It’s just data

Comments Please

Tim Bray:

I hope soon to begin implementing a comment system for ongoing. This space is my notebook where I’ll work out the design. Since, as of this writing, the system exists only in theory, if you have a suggestion you’ll have to send me an email. I’ll publish the helpful ones.

I have to send you an email?  I think not.  ;-)

Below are a few suggestions.  Use or ignore as you see fit.


First, I think ongoing would be better with comments.


My vote: make sure that every comment has a URI.  And provide a comment feed that crosses all entries.  And an alternate HTML version of that feed.

Second, I’d like to take this occasion to learn at least one new technology.


General Outline

For every ongoing fragment, there will be a little directory tree, containing one subdirectory each for incoming, rejected, and accepted comments. The comments will live in these directories, one file each, with long names consisting of a timestamp and a random number. These directories will generally not be publicly Web-accessible.

My comments are also one per file.  Also with a timestamp.  I haven’t found the need for a random number, but that sounds like a good idea.

All comments will always be moderated. There will be a simple Web interface offered to people to compose comments, and another for me to use to approve or reject them. I’m not inclined to building a safe HTML editing control from scratch, but will look around for components that will let people compose somewhat-rich comments without involving extra work or risk.

There are two points here.  One is the rich editing.  My approach is simple: escape everything that comes in, and then selectively un-escape a few things that are useful.  My recommendation: the first thing to look for is something that works well with utf-8.  That’s harder to retrofit.

As to moderation, I’m against it for two reasons.  The minor one is that it impedes the flow of a conversation.  Discussions tend to die down in 48 hours or less.  A time delay of even 12 hours can impede the conversation.

The more major one is that I tend to prefer to avoid obligations.  If I had to approve comments, that would quickly become an obligation, and I would likely dread it.  And my weblog is entirely here at the whim of my enjoyment.  If it ever stops being fun, this blog is history.

Comments may be submitted and (while still in the incoming directory) deleted or updated using the Atom Publishing Protocol, although I’m not sure how useful that will be.

I supported a predecessor of this for a while.  The only person who used it with any frequency was Dare.  Might be a chicken and egg thing.

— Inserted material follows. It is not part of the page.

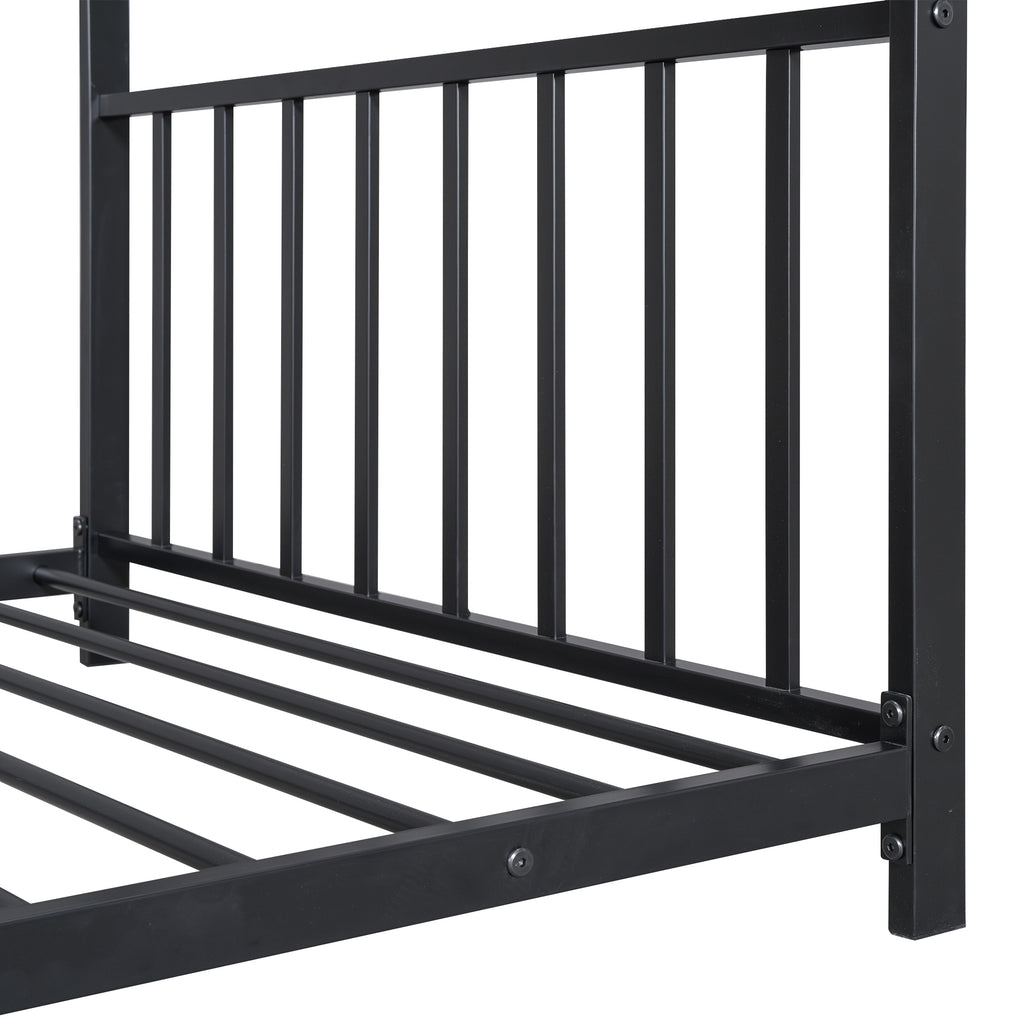 Leoglint Twin Size Metal House Platform Bed Frame, Black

Every time a batch of comments is accepted, all the accepted comments will be built into a static Web-accessible page and a small XML file will be created containing the number of comments; this will be used to decorate the body of the fragment via XMLHttpRequest.

Mine is 100% static.

There will be no built-in authentication system, because the Internet has enough of these. I will, however, eagerly participate in any shared-identity system that seems standardized and doesn’t feel like a vendor land-grab. The use of such a system might make the Atom Protocol useful rather than incidental.

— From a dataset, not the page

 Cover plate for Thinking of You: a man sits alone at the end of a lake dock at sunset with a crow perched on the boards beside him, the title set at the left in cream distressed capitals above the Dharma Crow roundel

I’ve also flirted with these, and have yet to be convinced.

IMHO, the best identity system is to have people post on their own blogs, and for you to include links to these posts in your comments.  Which, of course, creates an entirely new vector for spammers...

The comments will be threaded; that is to say, you will be able to attach a comment either to an ongoing fragment or to another comment.

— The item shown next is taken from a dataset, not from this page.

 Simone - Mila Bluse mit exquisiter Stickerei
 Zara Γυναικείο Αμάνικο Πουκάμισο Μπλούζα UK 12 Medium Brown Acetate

I’ve seen that done, but I’ve intentionally avoided that feature.  If you get hundreds of comments on a given entry, it makes sense.  Otherwise, YAGNI

Issue: Release?

I will never release the core publishing software for ongoing to the world, simply because I wrote it in a big hurry and with no other objective than supporting my idiosyncratic writing workflow. However, if this comment system proves to be useful and generally applicable, I’ll consider releasing it.

Mine’s not “released”, but available.  I’m not proud.

Issue: Spam

I suspect that I will not be subject to serious, automated, large-scale spam attacks, simply because the number of instances of the system will, initially, be one. However, because I might decide to release it, I will design in a plugin-based spam-fighter module.

My comment system is unique, but I got 1,246 posts to my weblog yesterday.  A few of them were real.  Others were previews.  The rest were not.

And, no, that’s not a typo.  One thousand, two hundred, and fourty six posts.

You may have a one-off system.  But you also have a precious commodity: a relatively high Google rank.  Many spammers are real people in foreign places.

I have some ideas about spam-fighting approaches that I haven’t seen anyone else try.

Don’t underestimate the value of experience. 

First, a throttle is essential.  More than a few posts in a row from the same IP address, or with the same content, or which specifies the same URL must be stopped in order to contain the cleanup efforts.

A forced preview stops a surprisingly large number of the spam attempts.

My favorite spam avoidance technique on my blog is a big red warning sign that only shows to strangers.  And my favorite aspect of it?  It’s a lie.  The sign is like the fake security signs you see on some people’s lawns.  I don’t have a moderation system to back this up.

Yes, I do search for a few spam words.  But I try to retire them quickly.  More effective is looking for lame attempts at bad HTML techniques.  For example, position: absolute, target="_blank", [url], [link] or even HREF (all caps).

These and all my other countermeasures are hidden in plain sight.

Issue: Platform

I am subject to the seductive emanations from the Rails Rabble, and one of the reasons I thought I’d do this was to learn it. Having said that, try as I might, I don’t see why I’d need to use a database, and Rails’ sweet spot is generally considered to be database-backed apps. On the other hand, I have an intuition that in a few years, Ruby the language is going to loom larger than Rails the framework; so I definitely want an excuse to get up close and personal with the language. So, I dunno; does Rails offer enough other good things to make it an attractive choice even if you don’t need a database? There’s all that model/view/controller goodness, but I’ve always found the MVC approach a little more attractive in theory than in practice. Hmm... the jury is out. Is there another framework whose sweet spot is a little less database-centric? Or is Rails the way to go?

ActiveRecord is entirely optional in Rails.

My biggest issue with Rails is that performance is an issue with CGI, and that’s what my hosting provider offers currently.  FastCGI or better is a requirement.

Ruby and Rails are hot, and I’m definitely on that bandwagon, but I wouldn’t count Python out.  It is the language of BitTorrent and BZR.  And seems to be the language of preference for all things Ubuntu.

PHP and Perl might be less “hot” but they are definitely work-horses.